The camera needs to be able to be rotated freely.
I tried to invert the calculation sm'=A[R|t]M' to be able to calculate the 2D coordinates in 3D. But I am stuck with inverting the [R|t] even on paper, and I don't know either how I'd do that in swift or c++.
I have read so many different posts on forums, in books etc. and I am completely stuck and appreciate any help/input you can give me. Otherwise I'm screwed.
Thank you so much for your help.
Update:
By using the solvePnP that was suggested by Micka I was able to get the Rotation and Translation Vectors for the angle of the camera.
Meaning that if you are able to identify multiple 2D Points in your image and know their respective 3D World coordinates (in mm, cm, inch, ...), then you can get the mechanisms to project points from known 3D World coordinates onto the respective 2D coordinates in your image. (use the opencv projectPoints function).
What is up next for me to solve is the translation from 2D into 3D coordinates, where I need to follow ozlsn's approach with the inverse of the received matrices out of solvePnP.
Update 2:
With a top down view I am getting along quite well to being able to detect the tiles and their position in the 3D world:
tile from top Down
However if I am now angling the view, my calculations are not working anymore.
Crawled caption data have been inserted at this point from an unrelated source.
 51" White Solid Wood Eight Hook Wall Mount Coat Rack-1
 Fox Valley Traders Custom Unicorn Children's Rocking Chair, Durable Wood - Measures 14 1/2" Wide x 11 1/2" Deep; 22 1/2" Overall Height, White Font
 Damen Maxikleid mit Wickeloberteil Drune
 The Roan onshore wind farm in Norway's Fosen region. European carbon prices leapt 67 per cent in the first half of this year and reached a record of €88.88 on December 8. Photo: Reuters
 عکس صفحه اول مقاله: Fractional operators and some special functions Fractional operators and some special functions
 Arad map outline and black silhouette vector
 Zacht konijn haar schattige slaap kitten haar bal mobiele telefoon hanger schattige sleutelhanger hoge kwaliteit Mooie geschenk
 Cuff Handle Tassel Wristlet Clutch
For example I check the bottom Edge of a 9-dot group and the center of the black division bar for 90° angles. If Corner1 -> Middle Edge -> Bar Center and Corner2 -> Middle Edge -> Bar Center are both 90° angles, than the bar in the middle is found and the position of the tile can be found.
When the view is Angled, then these angles will be shifted due to the perspective to lets say 130° and 50°. (I'll provide an image later).
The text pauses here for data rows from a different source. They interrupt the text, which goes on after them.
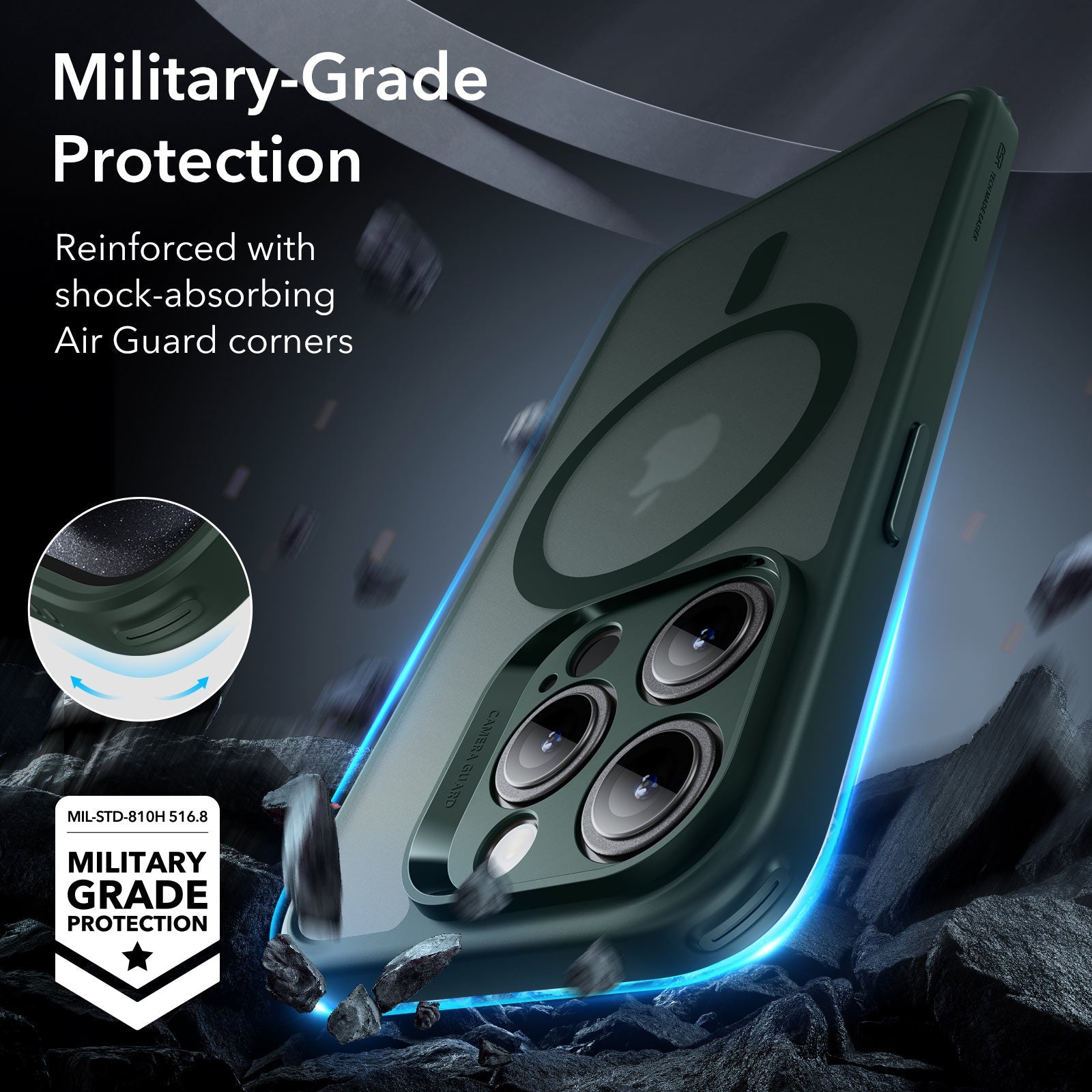 iPhone 15 Pro Max Classic Pro Case (HaloLock) Set - Frosted Dark Green ESR ESR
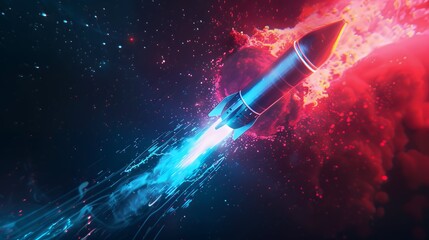 Wall Mural - Colorful rocket launching with neon light and smoke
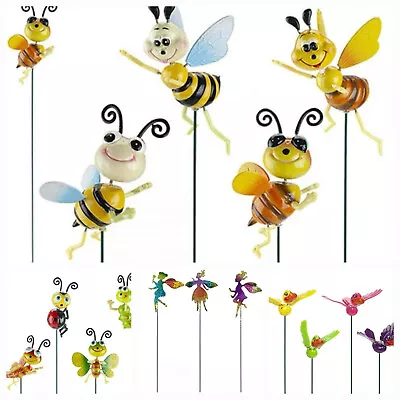 Garden Animal Fairies On Stick Ornament Decoration Novelty Bright Bees Butterfly • £6.99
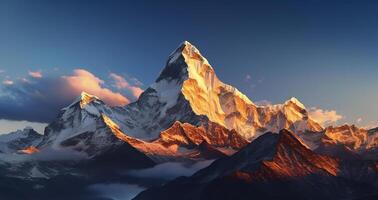 hermosa montaña fondo., ilustración ai generativo foto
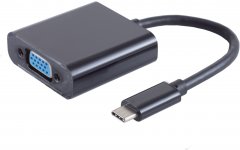 USB-C Adapter VGA Buchse DP Alt Mode 1920x1080 60Hz ABS vergoldet schwarz 10cm - Adapter 8-Pin auf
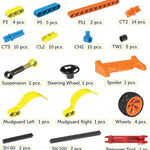 Collection of various car model parts with quantities on a white background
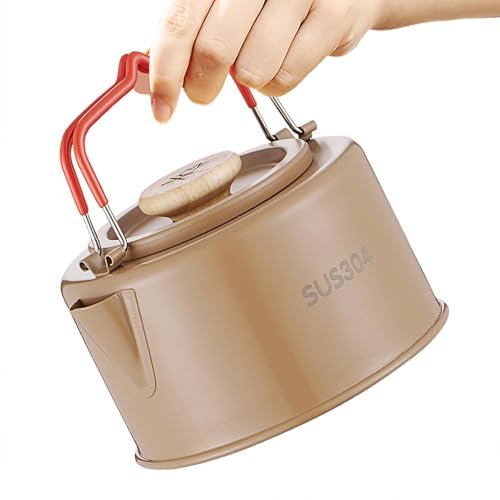 Stainless Steel Camping Kettle 1100ml | Small Teapot with Heat-Resistant Handle | Outdoor Tea and Coffee Water Boiler for Camping, Hiking, Travel | Portable Hot Water Kettle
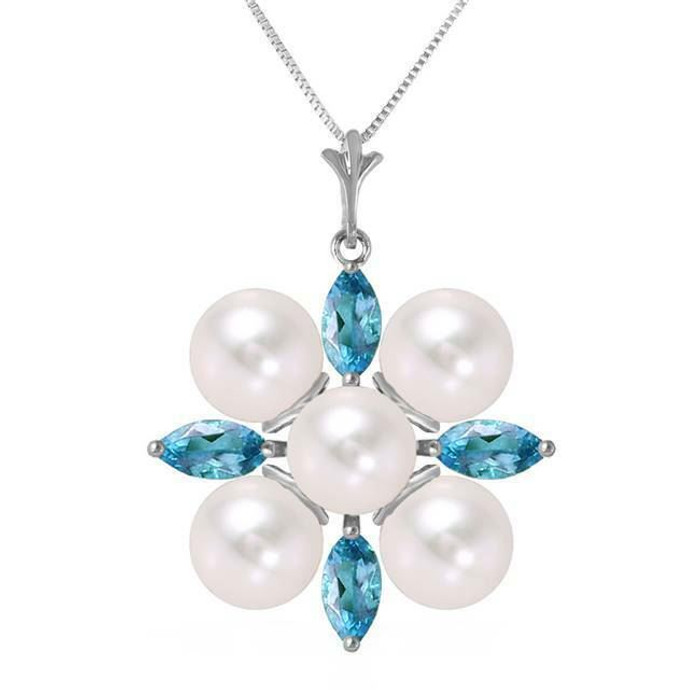 You will look cool and crisp as a winter morning when you wear this 14K. white gold necklace with blue topazes and pearls. A grouping of five glimmering pearls is surrounded by four marquise cut topazes that glitter when the well-crafted facets catch the light. The round pearls measure at 5.00 carat weight and the topazes are 1.30 carats in weight.
 
The pendant measures a little over an inch in height. If you are not buying a necklace for yourself today, consider this beautiful piece for a friend or family member born in June or December.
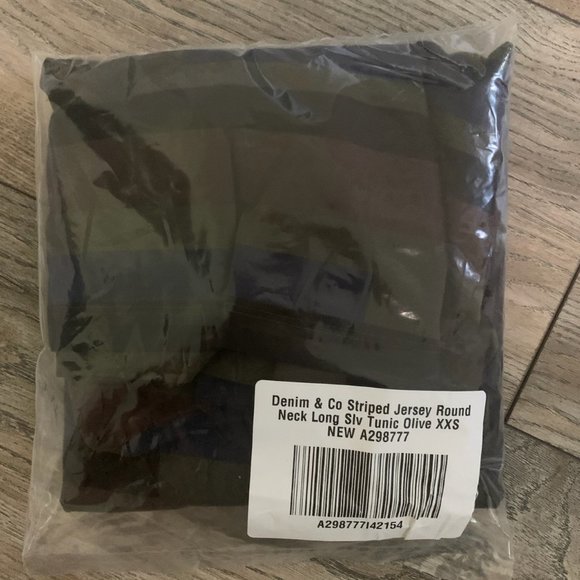 NWT DENIM & CO. STRIPED JERSEY TUNIC XXS OLIVE - Picture 7 of 8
The Idea I had now is to make a solvePNP of 4 Points (Bottom Edge plus Middle), claculate solvePNP and then rotate the needed dots and the center bar from 2d position to 3d position (height should be irrelevant?). Then i could check with the translated points if the angles are 90° and do also other needed distance calculations.
Here is an image of what I am trying to accomplish:
Markings for Problem
I first find the 9 dots and arrange them. For each Edge I try to find the black bar. As said above, seen from Top, the angle blue corner, green middle edge to yellow bar center is 90°.
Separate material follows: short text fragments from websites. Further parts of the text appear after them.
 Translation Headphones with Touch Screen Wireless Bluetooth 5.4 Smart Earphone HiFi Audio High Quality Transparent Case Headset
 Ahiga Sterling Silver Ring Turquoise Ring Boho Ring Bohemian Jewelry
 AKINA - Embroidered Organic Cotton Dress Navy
However, as the camera is angled, the angle is not 90° anymore. I also cannot check if both angles are 180° together, that would give me false positives.
So I wanted to do the following steps:
Detect Center
Detect Edges (3 dots)
SolvePnP with those 4 points
rotate the edge and the center points (coordinates) to 3D positions
Measure the angles (check if both 90°)
Now I wonder how I can transform the 2D Coordinates of those points to 3D. I don't care about the distance, as I am just calculating those with reference to others (like 1.4 times distance Middle-Edge) etc., if I could measure the distance in mm, that would even be better though. Would give me better results.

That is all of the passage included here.